Remarked Smith: “The question had been, ‘Who would do this?’ Now of course the big question is, ‘Why?’ ”

Over the weekend, authorities said they still have no answer to that question.

New Haven Police Department spokesman Joe Avery said Sunday that police do not know what motive Clark, the only person arrested in the killing, might have had to strangle Le. Avery said police may never know why Le was killed.

Clark is currently incarcerated at the MacDougall-Walker Correctional Institution in Suffield, Conn, a high- and maximum-security prison that is the largest correctional facility in New England.
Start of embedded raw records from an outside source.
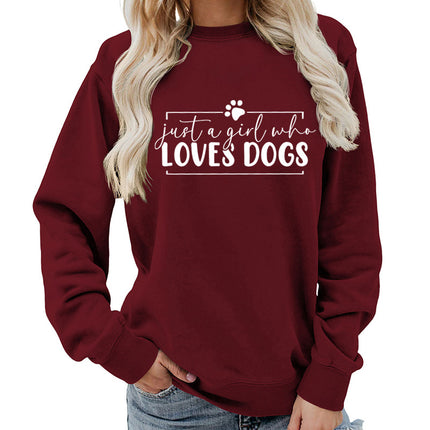 Loves dogs Printed Round Neck Women's Top Sweater Foreign Trade Supply Autumn and Winter Coat Casual Loose European Size Cross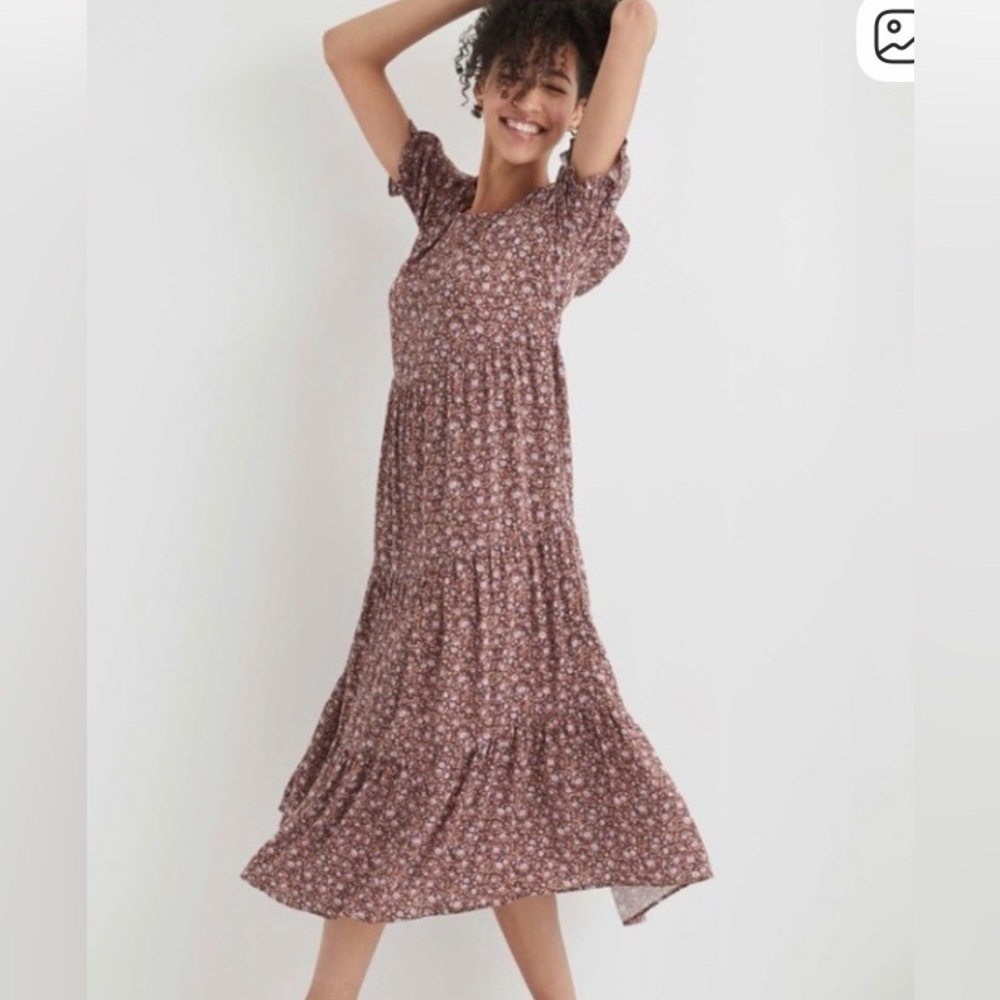 Aerie Women's Floral Tiered Midi Dress - Brown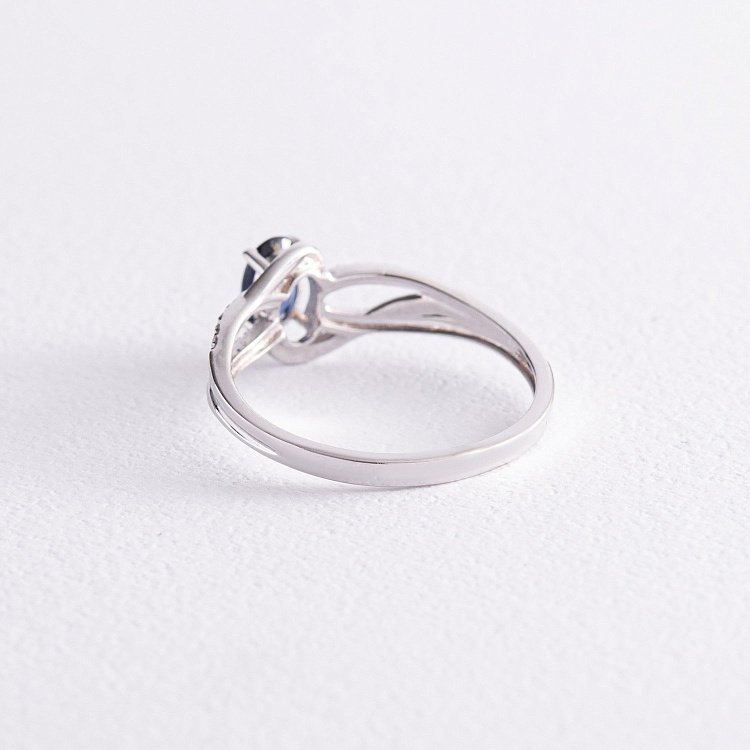 Золота каблучка з синім сапфіром і діамантами C01286R від ювелірного магазину Онікс - 4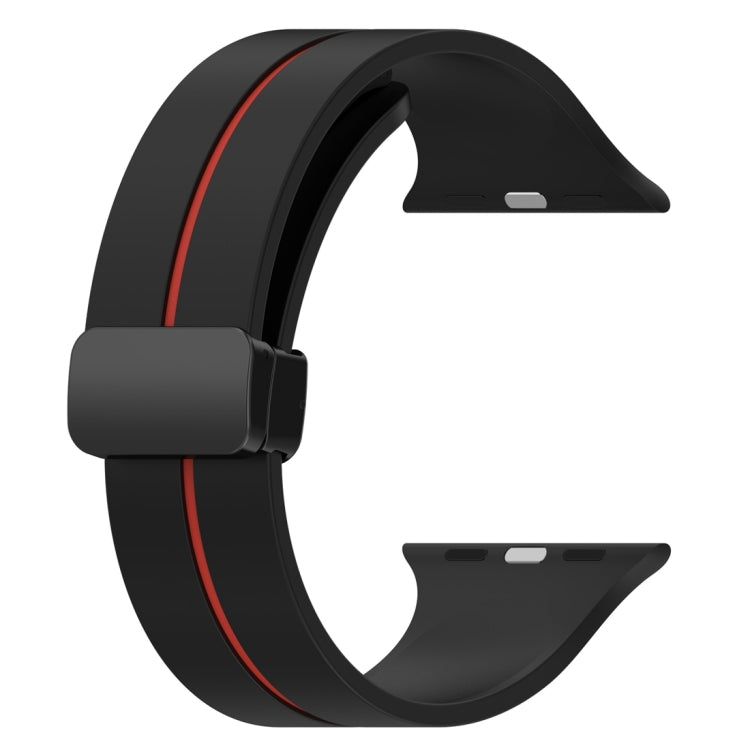 Two Color Folding Buckle Silicone Watch Band For Apple Watch 7 45mm(Black+Red) - Watch Bands by PMC Jewellery | Online Shopping South Africa | PMC Jewellery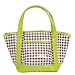 Murval Gingham Waxed Canvas Insulated Lunch Bag Tote Black White & Green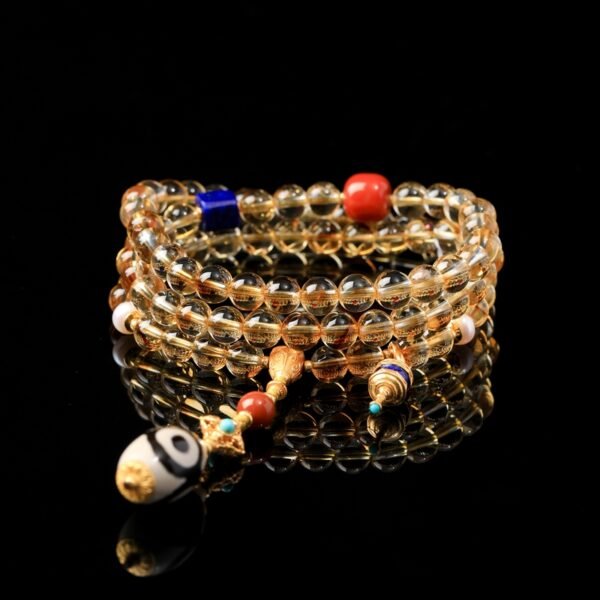 Citrine necklace/three-ring bracelet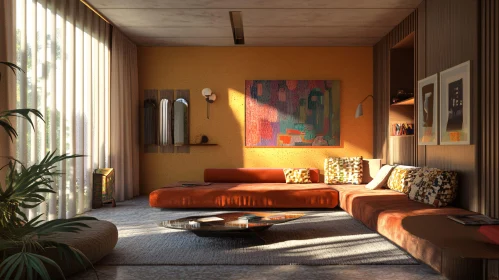 Modern Interior with Orange Sofa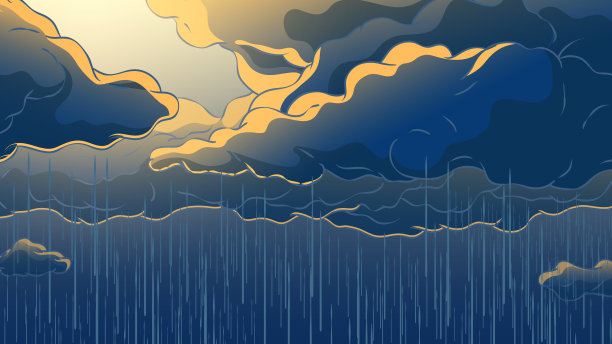 手绘云景-雨和积云。图片下载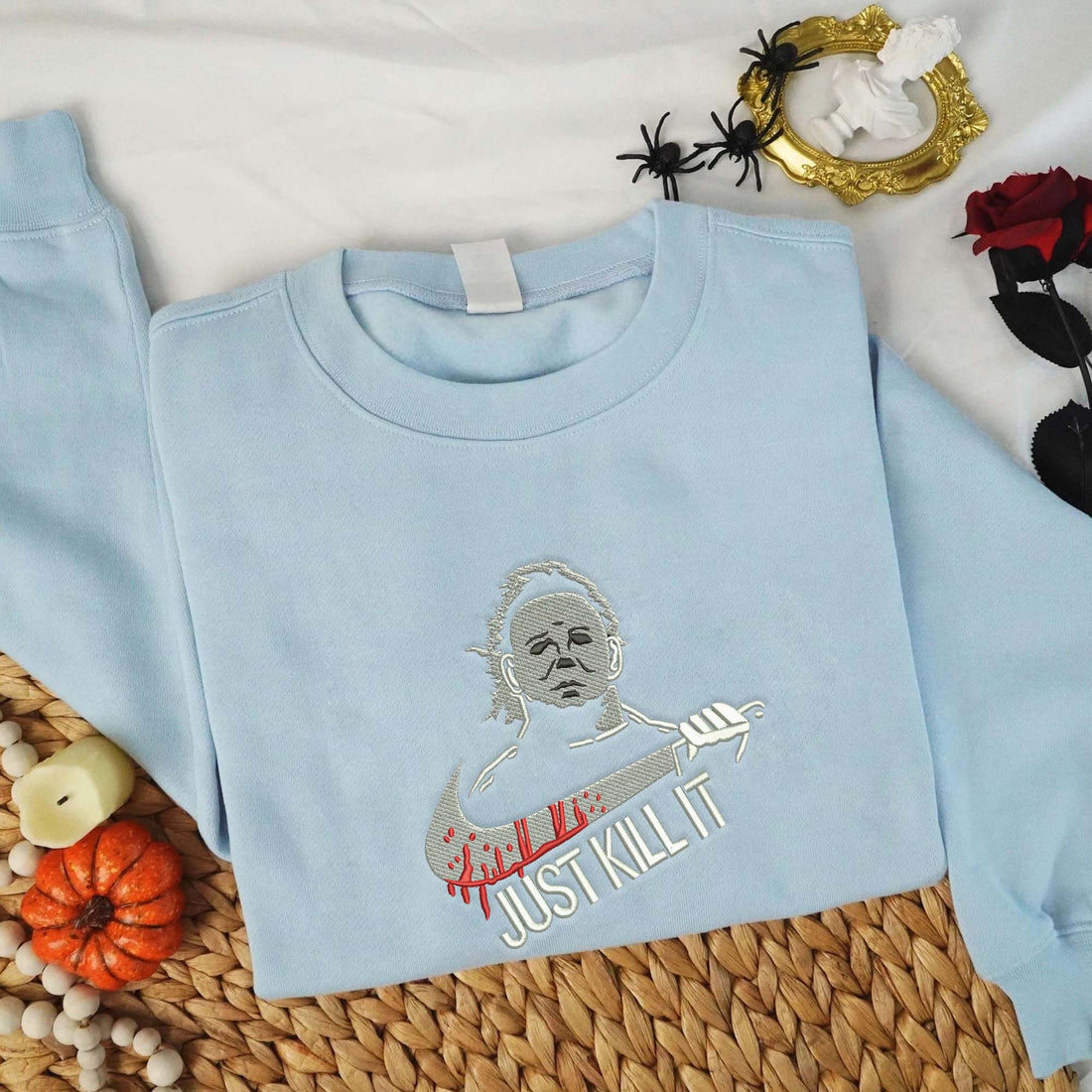 N Just Kill It Horror Character Halloween Sweatshirt, Halloween Embroidery Sweatshirt HLW_M1202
Avery said authorities have no other suspects at this point, and no plans for any further arrests in the investigation. But he revealed that Clark was not the only person the NHPD followed beginning last weekend. “A few other people” were subjected to around-the-clock surveillance, Avery said.

Clark’s sister, brother-in-law and fiancé all work for Yale, and their entries in the University’s online directory were redacted during the past week. University President Richard Levin said he knew of no disciplinary action that had been taken against them and said it was possible that the directory information was restricted to protect their privacy.

Anton Bennett, the pharmacology professor who served as Le’s adviser, issued a statement this weekend in which he called his student “a bright light of enormous potential prematurely extinguished.”

“The tragic loss of Annie Le, who had become an integral member of our laboratory, now seeds another source of inspiration,” he said. “Annie Le’s work will continue. We will draw upon the energy of Annie Le’s life to help us fulfill our efforts of striving to make a difference in this world.”

Levin said he believes authorities have completed their work at 10 Amistad St., the building where Le’s body was found, and that access to the building will be restored this week, though additional security measures will be implemented.

Graduate School Dean Jon Butler and other Yale officials are planning to attend Saturday’s funeral. Yale spokesman Tom Conroy said condolence notes can be sent to the Le family care of the University Chaplain’s Office, P.O. Box 209078, New Haven, CT 06520.